Credit Suisse analysts say energy stocks have become attractive again for the first time in two years, based on strong earnings growth and improved valuations.
“Extended valuations had resulted in Energy’s underperformance since mid-2016, despite a favorable cyclical backdrop, rising oil prices, and robust earnings growth. A combination of strong fundamentals and weaker stock prices makes the sector’s valuations more attractive than they have been in several years,” the researchers wrote.
Oil prices have been rising on geopolitical concerns and a better supply/demand outlook, following a recent sell off. West Texas Intermediate futures were slightly weaker Monday, but they came within 14 cents of a more than four-year high early in the session. WTI futures for May hit a high of $66.55 per barrel, a level it also reached in January.

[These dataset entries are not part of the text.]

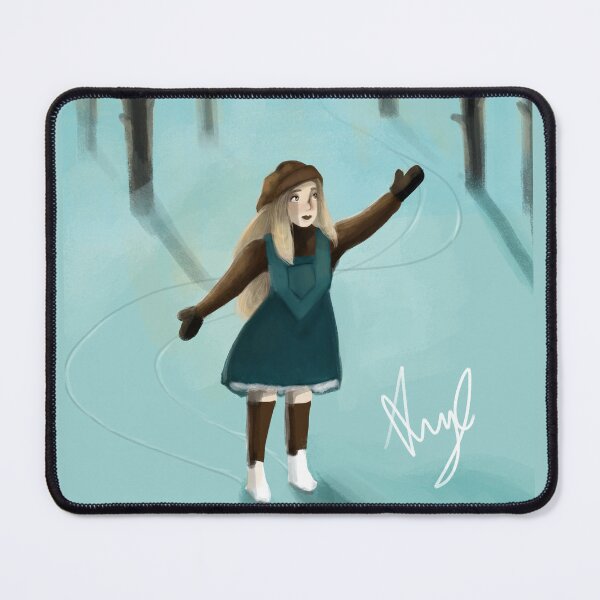 Item preview, The Little Skater designed and sold by AngeArtiste.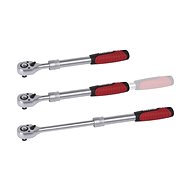 Kreator KRT503007 1/2" Telescopic Ratchet 72T - Ratchet 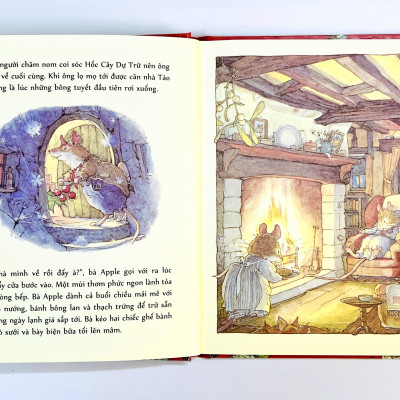 Sách - Boxset Miền Dâu Dại (Bộ 8 Cuốn) - Phiên Bản Đặc Biệt - Crabit Kidbooks - Bìa Cứng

Credit Suisse raised the energy sector from underweight to market weight, noting they now find the “case against Energy less compelling.” Earnings are expected to increase 70 percent this year, after rising more than 120 percent last year.

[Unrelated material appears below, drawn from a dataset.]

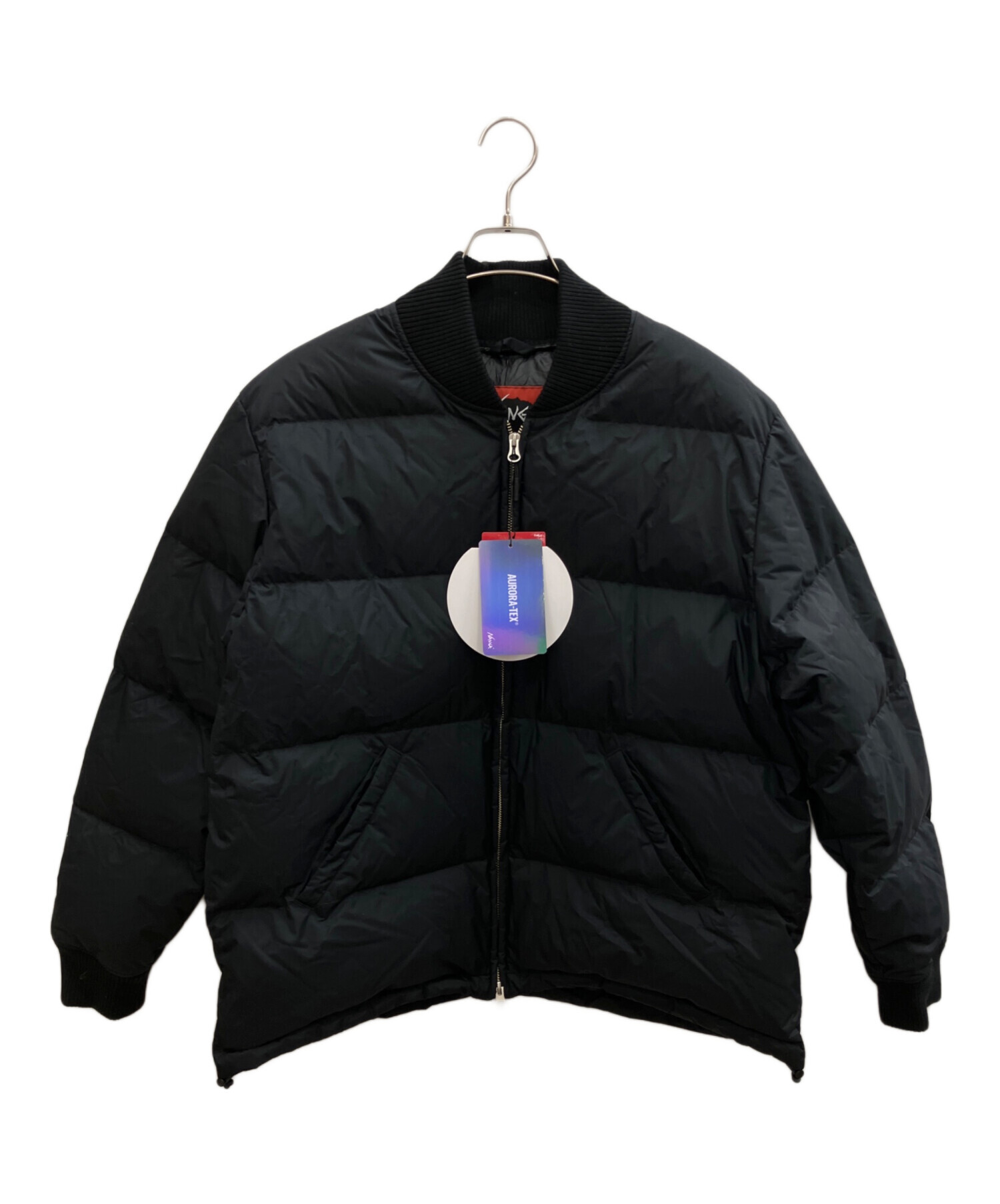 中古・古着通販】NANGA (ナンガ) ATMOS (アトモス) AURORA-TEX DOWN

The S&P energy sector was up 0.7 percent Monday, and is down nearly 7 percent year-to-date. The S&P is down 1.7 percent in the same period. The Energy Select Sector SPDR Fund XLE was also up 0.7 percent Monday.
“Energy and each of its major sub-groups have delivered superior earnings growth since mid-2016 on rising oil prices and a robust economic backdrop. That said we have been underweight the group given extremely stretched valuations and the belief that technological advancements will keep crude prices in check over the long-term,” they wrote. They said exploration and production companies have the best growth within the sub-sectors.
Energy’s price to earnings ratio is the second highest of major S&P sectors at 19.1 times forward earnings, compared to 16.3 for the overall S&P 500. Discretionary has the highest P/E on future earnings, at 19.7. Technology is at 18 times. Credit Suisse has overweighted discretionary, tech and financials.
Morgan Stanley analysts, meanwhile, say they have become even more positive on the sector.
“Better inventory data, seasonal and cyclical supply/demand imbalance, and rising geopolitical risk make us increasingly positive on overweight Energy,” they wrote.